- Credit-card customer satisfaction was on track for a record high during the first two months of 2020, research firm J.D. Power said in releasing its annual survey on the matter Thursday. After the pandemic hit, customers rated their card issuers 10 points lower overall on a 1,000-point scale, as dissatisfaction grew with credit-card terms and communications between companies and consumers.
- The greatest decline (14 points) came in the survey's affluent/mass affluent segment. Despite the post-pandemic drop, overall satisfaction rose four points among national issuers and 11 points among regional ones.
- About 36% of credit-card customers indicated they've been proactively contacted by their card issuer in the past 12 months, J.D. Power noted. That compares with 60% of mortgage customers and 48% of retail banking customers during a similar time frame.
American Express, with an 838 rating, leapfrogged Discover (837) to rank highest in overall satisfaction among national card issuers. Discover had topped last year's survey with 842 points. Satisfaction was remarkably steady in the national ranking, with scores for five issuers varying by zero to two points from last year. Bank of America jumped 14 points to take third place (812). Wells Fargo saw the greatest improvement — up 17 points to 800 — while Barclays saw the biggest decline, a 10-point slide to 796.
Regions Bank jumped 25 points to top the regional rankings with 816. That score edged out last year's two leaders, BB&T and PNC (both 815). The most marked improvements among regional issuers came at the bottom of the pack. HSBC spiked 44 points to 789. Fifth Third rose 26 points to 794. And KeyBank jumped 22 points to 795. BMO Harris saw a 12-point slide (765) to rank lowest.
More than 29,100 customers rated their card issuers on six factors: interaction; credit card terms; communication; benefits and services; rewards; and key moments. Three of the study's four waves came before the pandemic.

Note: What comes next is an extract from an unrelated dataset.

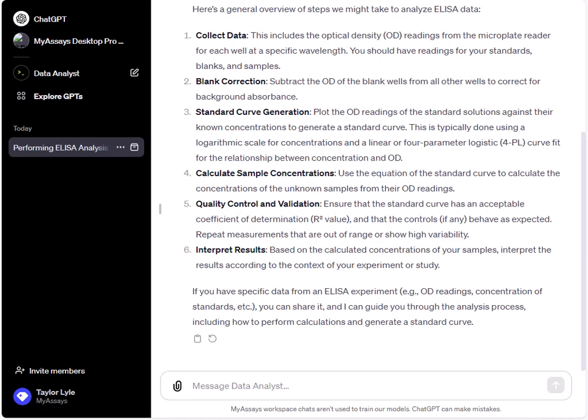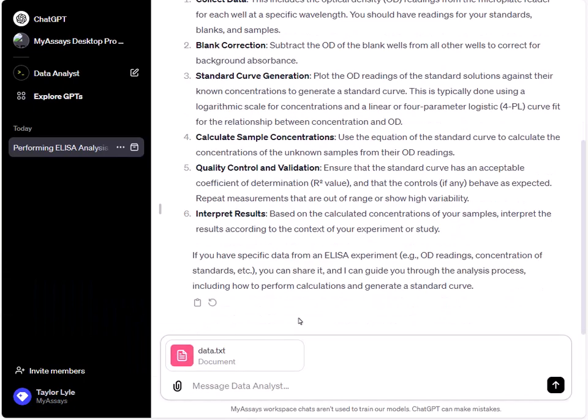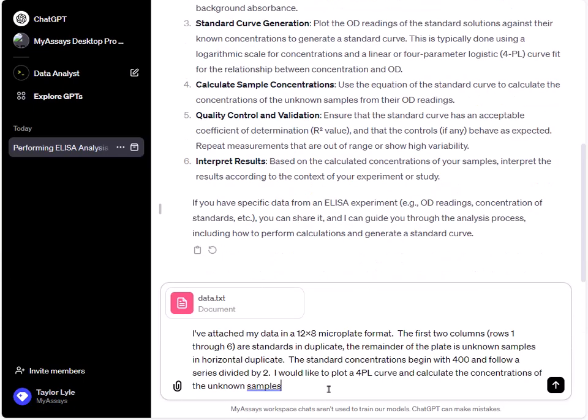I'll upload the text measurement data file by attaching it to the text box and provide additional information about my analysis. For this prompt, I've added, I've attached my data in a 12 by 8 microplate format. The first two columns, rows 1 through 6, are standards in duplicate. The remainder of the plate is unknown samples in horizontal duplicate. The standard concentrations begin with 400 and follow a series divided by 2. I would like to plot a 4PL curve and calculate the concentrations of the unknown samples.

"We're living in a moment of truth for card issuers, and results in the next few months will be key to determining whether this decline constitutes a lasting trend," John Cabell, J.D. Power's director of banking and payments intelligence, said in a press release accompanying the study's results. "Issuers' ability to communicate proactively and work closely with customers to address their pain points and fears will be critical to their long-term viability."
Despite short-term declines in satisfaction, it doesn't appear customers are looking to switch issuers. Even in the study's pandemic-influenced fourth wave, 89% of customers said their current card fully meets their needs.
The J.D. Power results came on a day credit reporting agency TransUnion issued a report indicating credit-card lenders have pulled back for the first quarter in two years. Total credit on new accounts fell 8.3%, to $78 billion, in the second quarter of 2020 from a year earlier, Bloomberg reported, citing TransUnion data. The average credit line issued for new accounts declined 9% to $5,257, according to the data.
However, the proportion of those loans that are 90 days or more past due fell to 1.47% in the quarter, TransUnion found.